Exercise requirements
Return exactly those lines of the material below that fall between the line holding "InteriorPhoto for House Plan #302822" and the line holding "Zümrüt Şerit Detay Monogram İpek Şal", inclusive.

Data provided
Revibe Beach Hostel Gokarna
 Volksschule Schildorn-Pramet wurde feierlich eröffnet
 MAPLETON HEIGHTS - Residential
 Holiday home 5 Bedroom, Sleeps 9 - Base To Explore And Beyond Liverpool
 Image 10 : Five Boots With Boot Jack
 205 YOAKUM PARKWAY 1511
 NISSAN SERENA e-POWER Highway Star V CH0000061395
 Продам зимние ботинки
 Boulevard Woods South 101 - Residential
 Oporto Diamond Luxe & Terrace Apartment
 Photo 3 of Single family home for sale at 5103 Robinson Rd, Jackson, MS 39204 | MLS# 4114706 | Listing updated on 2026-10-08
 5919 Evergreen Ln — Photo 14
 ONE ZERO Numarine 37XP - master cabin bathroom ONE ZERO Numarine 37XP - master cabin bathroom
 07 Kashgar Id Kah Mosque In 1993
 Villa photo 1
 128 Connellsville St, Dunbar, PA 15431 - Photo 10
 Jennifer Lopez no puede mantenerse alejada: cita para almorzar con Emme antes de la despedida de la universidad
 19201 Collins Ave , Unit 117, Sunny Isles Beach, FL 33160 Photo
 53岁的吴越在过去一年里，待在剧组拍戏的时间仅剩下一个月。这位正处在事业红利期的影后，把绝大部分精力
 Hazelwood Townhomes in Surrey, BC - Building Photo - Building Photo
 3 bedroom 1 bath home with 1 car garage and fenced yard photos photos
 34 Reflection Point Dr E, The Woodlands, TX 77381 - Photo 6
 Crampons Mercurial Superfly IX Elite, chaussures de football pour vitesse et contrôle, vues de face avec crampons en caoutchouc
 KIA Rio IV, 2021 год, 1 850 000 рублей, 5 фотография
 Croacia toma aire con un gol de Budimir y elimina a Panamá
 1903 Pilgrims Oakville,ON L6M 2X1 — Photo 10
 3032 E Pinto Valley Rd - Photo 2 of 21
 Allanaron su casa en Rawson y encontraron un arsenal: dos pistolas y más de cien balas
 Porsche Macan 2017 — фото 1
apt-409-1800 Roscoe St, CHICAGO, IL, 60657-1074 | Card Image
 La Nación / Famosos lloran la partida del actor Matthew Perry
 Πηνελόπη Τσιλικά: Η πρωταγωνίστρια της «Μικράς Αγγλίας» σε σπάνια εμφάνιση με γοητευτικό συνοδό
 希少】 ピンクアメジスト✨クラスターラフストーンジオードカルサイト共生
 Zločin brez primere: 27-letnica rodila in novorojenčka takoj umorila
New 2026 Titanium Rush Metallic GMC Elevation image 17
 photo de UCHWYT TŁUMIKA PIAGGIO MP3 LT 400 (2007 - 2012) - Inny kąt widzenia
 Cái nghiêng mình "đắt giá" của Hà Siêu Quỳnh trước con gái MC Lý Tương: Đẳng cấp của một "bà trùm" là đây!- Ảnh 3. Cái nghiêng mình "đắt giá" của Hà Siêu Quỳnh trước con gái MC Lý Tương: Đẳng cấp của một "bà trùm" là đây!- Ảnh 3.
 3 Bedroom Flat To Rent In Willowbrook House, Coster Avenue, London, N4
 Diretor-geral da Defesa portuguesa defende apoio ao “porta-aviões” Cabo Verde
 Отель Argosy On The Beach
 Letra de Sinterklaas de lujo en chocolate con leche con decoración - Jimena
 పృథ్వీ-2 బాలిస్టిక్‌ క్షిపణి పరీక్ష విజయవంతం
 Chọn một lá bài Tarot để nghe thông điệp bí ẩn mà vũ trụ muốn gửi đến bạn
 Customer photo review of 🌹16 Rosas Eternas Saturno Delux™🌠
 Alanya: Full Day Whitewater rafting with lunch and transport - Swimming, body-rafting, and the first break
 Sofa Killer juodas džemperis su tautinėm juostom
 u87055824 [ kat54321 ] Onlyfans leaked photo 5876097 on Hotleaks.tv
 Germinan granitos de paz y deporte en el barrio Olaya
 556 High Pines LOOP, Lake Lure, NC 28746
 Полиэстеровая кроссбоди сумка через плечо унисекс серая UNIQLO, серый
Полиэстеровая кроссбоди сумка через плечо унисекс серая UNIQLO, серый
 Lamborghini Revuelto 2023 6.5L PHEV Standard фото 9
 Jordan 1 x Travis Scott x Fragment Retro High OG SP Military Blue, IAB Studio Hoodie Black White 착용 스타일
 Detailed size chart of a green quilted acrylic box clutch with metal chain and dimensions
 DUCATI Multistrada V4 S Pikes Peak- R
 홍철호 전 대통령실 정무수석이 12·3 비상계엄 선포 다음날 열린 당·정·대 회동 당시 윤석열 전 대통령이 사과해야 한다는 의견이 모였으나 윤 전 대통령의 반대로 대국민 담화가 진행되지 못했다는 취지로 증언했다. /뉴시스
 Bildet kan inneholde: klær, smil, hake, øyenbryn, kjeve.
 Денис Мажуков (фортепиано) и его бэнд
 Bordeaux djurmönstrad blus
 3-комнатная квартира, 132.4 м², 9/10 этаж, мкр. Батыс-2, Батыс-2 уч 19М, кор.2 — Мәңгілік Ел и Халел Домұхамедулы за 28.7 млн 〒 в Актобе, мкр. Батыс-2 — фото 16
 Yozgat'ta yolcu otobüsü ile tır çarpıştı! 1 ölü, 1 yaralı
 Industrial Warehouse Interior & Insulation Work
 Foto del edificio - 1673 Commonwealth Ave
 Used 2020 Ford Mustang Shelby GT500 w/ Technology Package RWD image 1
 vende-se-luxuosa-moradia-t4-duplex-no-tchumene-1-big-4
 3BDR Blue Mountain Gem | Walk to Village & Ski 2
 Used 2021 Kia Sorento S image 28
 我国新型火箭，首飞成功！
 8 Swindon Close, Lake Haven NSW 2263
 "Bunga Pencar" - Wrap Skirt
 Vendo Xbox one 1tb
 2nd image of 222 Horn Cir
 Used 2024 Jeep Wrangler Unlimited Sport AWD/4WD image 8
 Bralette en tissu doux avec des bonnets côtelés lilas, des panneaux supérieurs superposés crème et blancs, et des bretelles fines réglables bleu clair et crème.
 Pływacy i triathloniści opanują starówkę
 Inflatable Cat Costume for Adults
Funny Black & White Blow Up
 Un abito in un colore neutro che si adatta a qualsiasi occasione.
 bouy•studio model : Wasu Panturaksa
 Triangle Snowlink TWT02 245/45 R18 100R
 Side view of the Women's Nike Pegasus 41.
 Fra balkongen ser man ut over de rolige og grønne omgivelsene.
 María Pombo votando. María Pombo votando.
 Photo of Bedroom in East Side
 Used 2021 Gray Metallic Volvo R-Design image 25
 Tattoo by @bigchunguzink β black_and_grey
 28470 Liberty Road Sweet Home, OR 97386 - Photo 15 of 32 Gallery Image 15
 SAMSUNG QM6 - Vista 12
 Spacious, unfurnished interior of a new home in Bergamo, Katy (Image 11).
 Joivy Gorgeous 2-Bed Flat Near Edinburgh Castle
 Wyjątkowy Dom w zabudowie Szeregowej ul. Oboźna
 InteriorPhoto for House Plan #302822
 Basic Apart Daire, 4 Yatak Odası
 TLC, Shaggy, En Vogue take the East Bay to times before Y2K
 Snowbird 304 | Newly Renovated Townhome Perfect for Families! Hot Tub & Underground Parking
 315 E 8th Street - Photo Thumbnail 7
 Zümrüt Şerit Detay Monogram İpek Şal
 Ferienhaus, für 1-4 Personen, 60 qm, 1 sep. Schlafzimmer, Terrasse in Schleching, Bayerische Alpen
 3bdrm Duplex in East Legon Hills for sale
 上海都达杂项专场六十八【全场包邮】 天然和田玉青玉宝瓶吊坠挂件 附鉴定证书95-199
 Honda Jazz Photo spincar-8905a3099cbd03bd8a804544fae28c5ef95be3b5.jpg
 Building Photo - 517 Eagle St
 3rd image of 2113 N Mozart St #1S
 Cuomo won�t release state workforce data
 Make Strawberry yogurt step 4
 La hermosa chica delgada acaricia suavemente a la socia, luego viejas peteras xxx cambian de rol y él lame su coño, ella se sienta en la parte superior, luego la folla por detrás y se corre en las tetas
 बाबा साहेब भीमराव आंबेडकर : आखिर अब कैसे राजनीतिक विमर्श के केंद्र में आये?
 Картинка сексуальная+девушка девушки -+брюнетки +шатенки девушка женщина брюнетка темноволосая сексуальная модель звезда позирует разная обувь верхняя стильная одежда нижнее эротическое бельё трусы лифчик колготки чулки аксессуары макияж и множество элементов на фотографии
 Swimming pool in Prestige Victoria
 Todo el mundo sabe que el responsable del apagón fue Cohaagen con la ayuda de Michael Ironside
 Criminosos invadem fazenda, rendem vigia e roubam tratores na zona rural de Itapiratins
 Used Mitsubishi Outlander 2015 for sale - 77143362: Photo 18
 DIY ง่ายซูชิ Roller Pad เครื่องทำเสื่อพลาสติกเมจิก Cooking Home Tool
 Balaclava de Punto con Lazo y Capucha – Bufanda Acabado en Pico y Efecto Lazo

Answer area
 InteriorPhoto for House Plan #302822
 Basic Apart Daire, 4 Yatak Odası
 TLC, Shaggy, En Vogue take the East Bay to times before Y2K
 Snowbird 304 | Newly Renovated Townhome Perfect for Families! Hot Tub & Underground Parking
 315 E 8th Street - Photo Thumbnail 7
 Zümrüt Şerit Detay Monogram İpek Şal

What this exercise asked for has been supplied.